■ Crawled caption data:
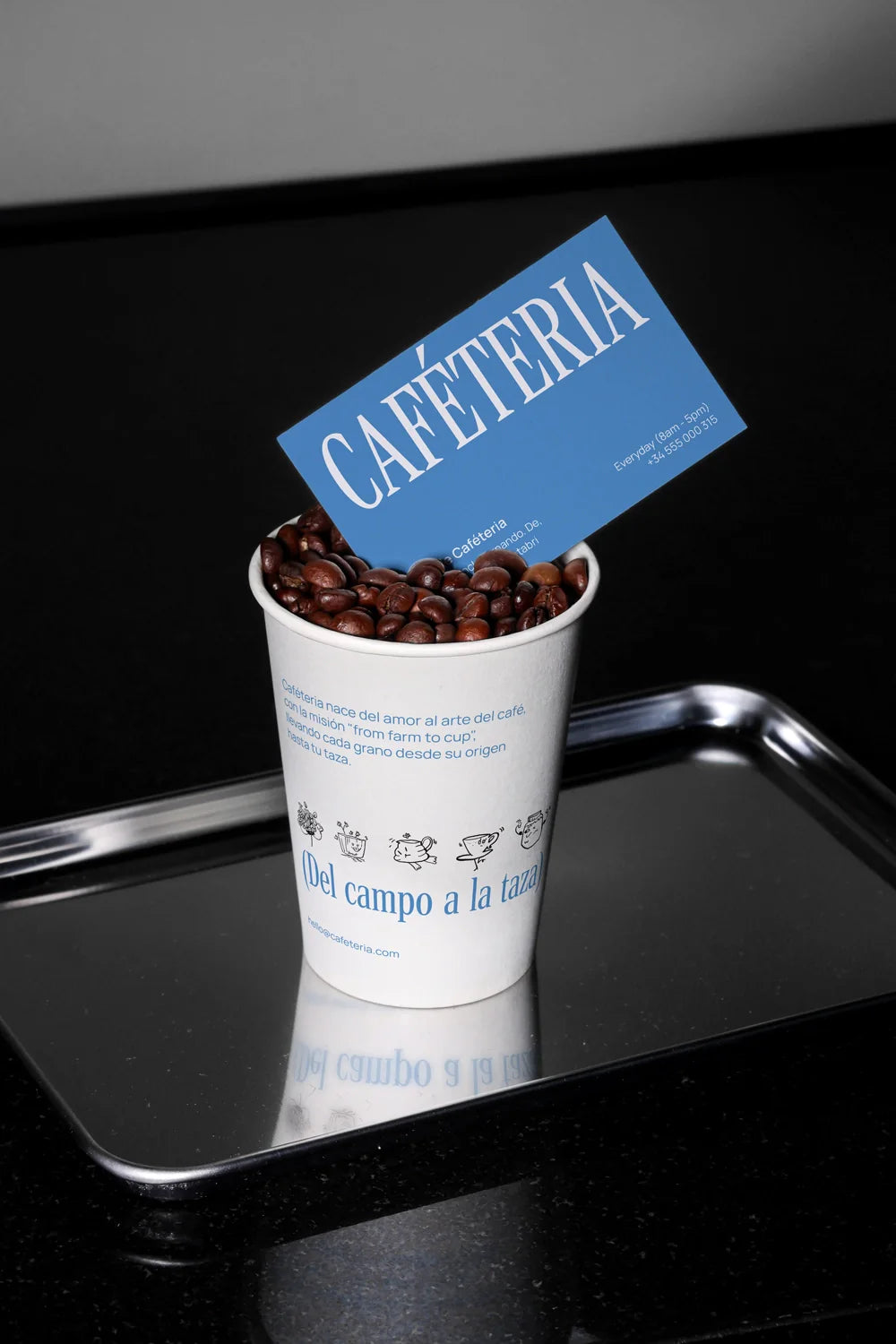 paper cup mockup with business card on top, realistic coffee shop branding scene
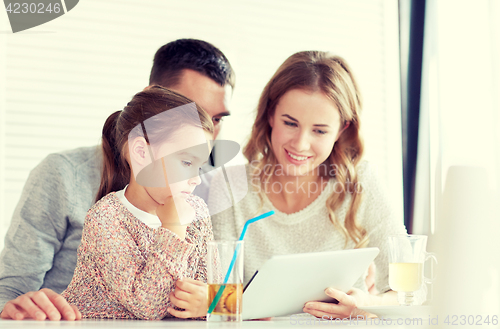 Image of happy family with tablet pc at restaurant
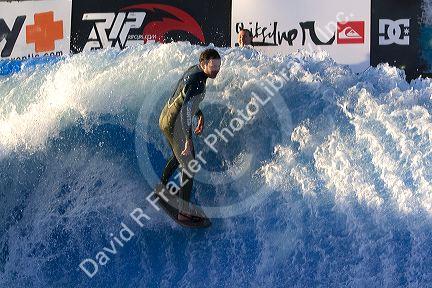 Man surfing on a man made wave machine at Mission Beach, San Diego, Southern California, USA.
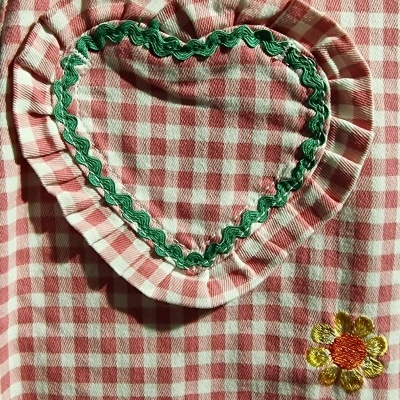 Detalhe de tecido xadrez vermelho e branco com bolso em forma de coração e bordados florais.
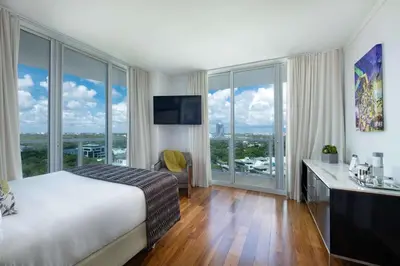 a hotel room with a bed and large windows at MVR - Stay Near Brickell Without the Hassle in Miami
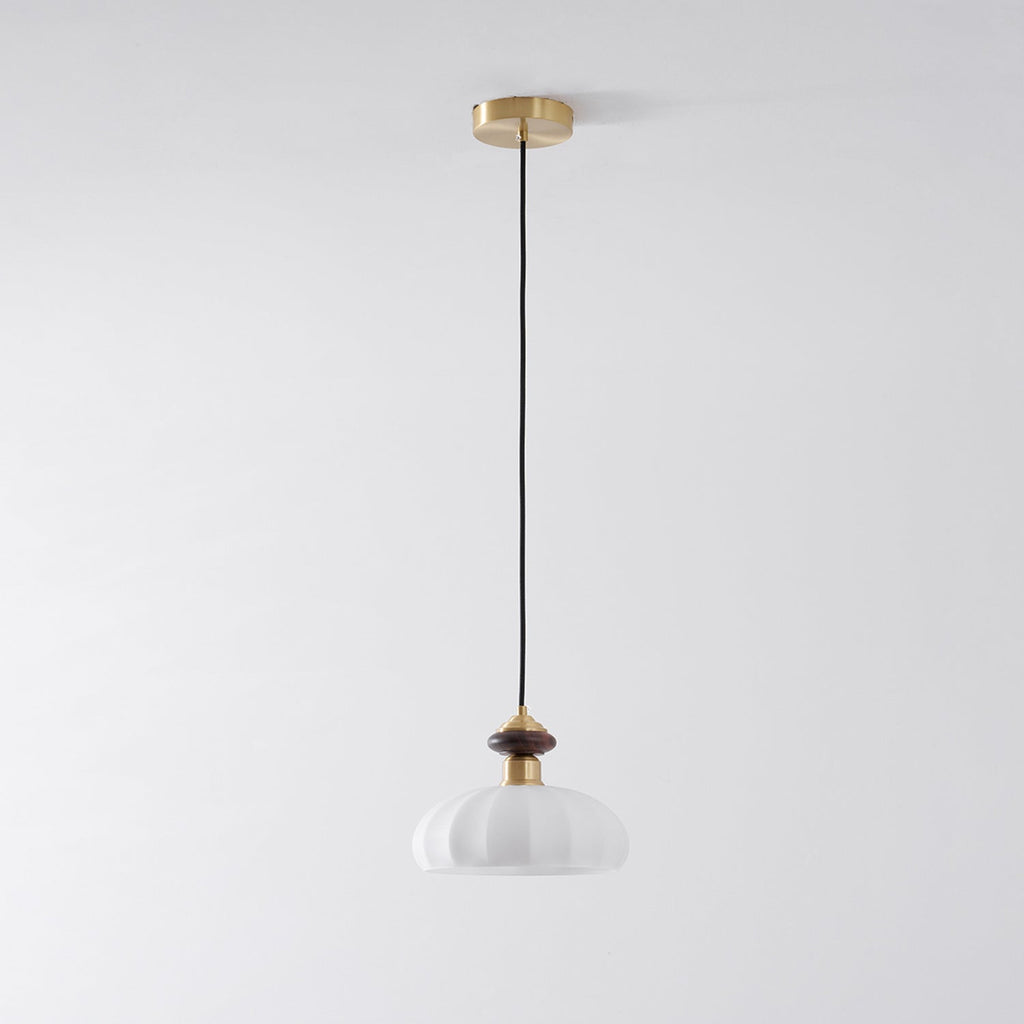 Full-length view of this Clérachic pendant, from its brass ceiling plate and black cord to the ribbed white glass shade.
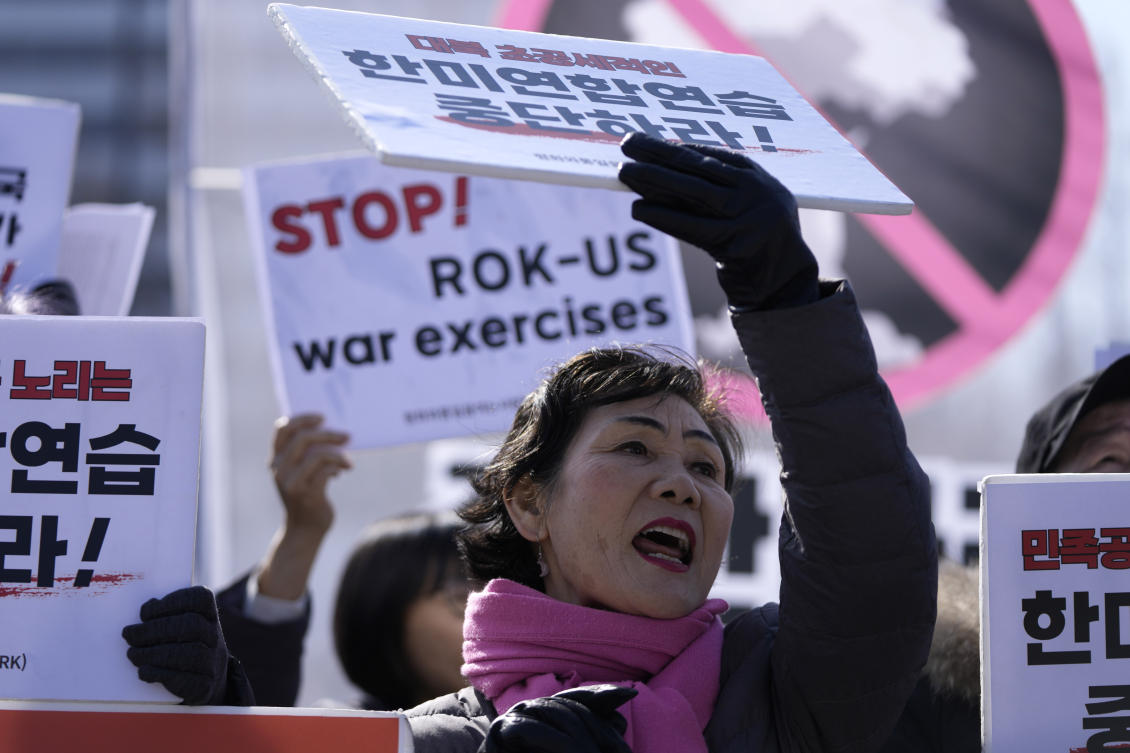 Protesters shout slogans during a rally demanding to stop the joint military exercises between the US and South Korea, in Seoul. (AP)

■ TASK PROMPT: Nothing but the lines from the one holding "Full-length view of" to the end of the entries above should be echoed, exactly and with both ends included; omit the pictures.

■ ANSWER SECTION:
 Full-length view of this Clérachic pendant, from its brass ceiling plate and black cord to the ribbed white glass shade.
 Protesters shout slogans during a rally demanding to stop the joint military exercises between the US and South Korea, in Seoul. (AP)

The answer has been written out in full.